Step 8: Go to settings and click on API keys. You get $18 in free API credit that can be used during your first three months of having an account. After that, you will have to pay for API calls. But you don’t need to enter your credit card information to get started, which is great (Note: if you made an Open AI account a long time ago, your free credits may have expired. In this case, either pay or set up a new account).

Step 9: Copy your key. Create a new one if you can’t access it.

Step 10: Now you need to add your API key such that your script can access it.

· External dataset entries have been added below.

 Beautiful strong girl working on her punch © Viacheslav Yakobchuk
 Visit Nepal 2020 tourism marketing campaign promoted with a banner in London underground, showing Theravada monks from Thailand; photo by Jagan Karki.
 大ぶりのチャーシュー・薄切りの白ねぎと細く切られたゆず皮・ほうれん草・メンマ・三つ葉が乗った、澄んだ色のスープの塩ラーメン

NOTE: DO NOT SHARE YOUR API KEY ANYWHERE ELSE AND BE CAREFUL NOT TO ACCIDENTALLY MAKE IT PUBLIC.

$ nano ~/.bashrc

Then add the following line at the end of the .bashrc file:

export API_KEY=“your_key_here”

Ctrl + X to exit, “Y” to save, then “Enter”.

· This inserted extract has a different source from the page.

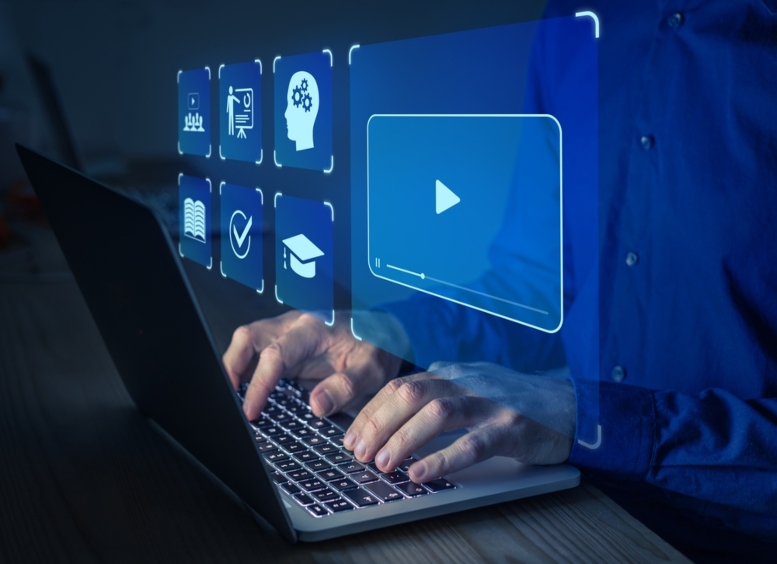 manos de hombre tecleando un computador portátil. De este salen diversas pantallas que se proyectan sobre la camisa del hombre, y que muestran diversos símbolos alusivos a video, educación, libros, docentes, entre otros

Step 11: Now that you have everything set up, all you need to do is this:

$ cd <path-to-jarvis-folder>/src

$ python jarvis.py

If you get a bunch of annoying warnings, type this command instead to suppress them:

$ python jarvis.py 2>/dev/null

Note, however, that doing this will suppress errors too, so you won’t know what broke if something breaks.

Step 12: The program will commence with the following prompt:

Say 'Hey, Jarvis!' to start

All you need to do is say “Hey, Jarvis” aloud.

When the program picks up on that prompt, you will see the following text:

Listening...

Now ask your question, and wait for the answer! The terminal will also print your question as well as the response.

You can continue asking questions without saying “Hey, Jarvis” after that (unless you let more than a minute pass, in which case you’ll have to say “Hey, Jarvis” again).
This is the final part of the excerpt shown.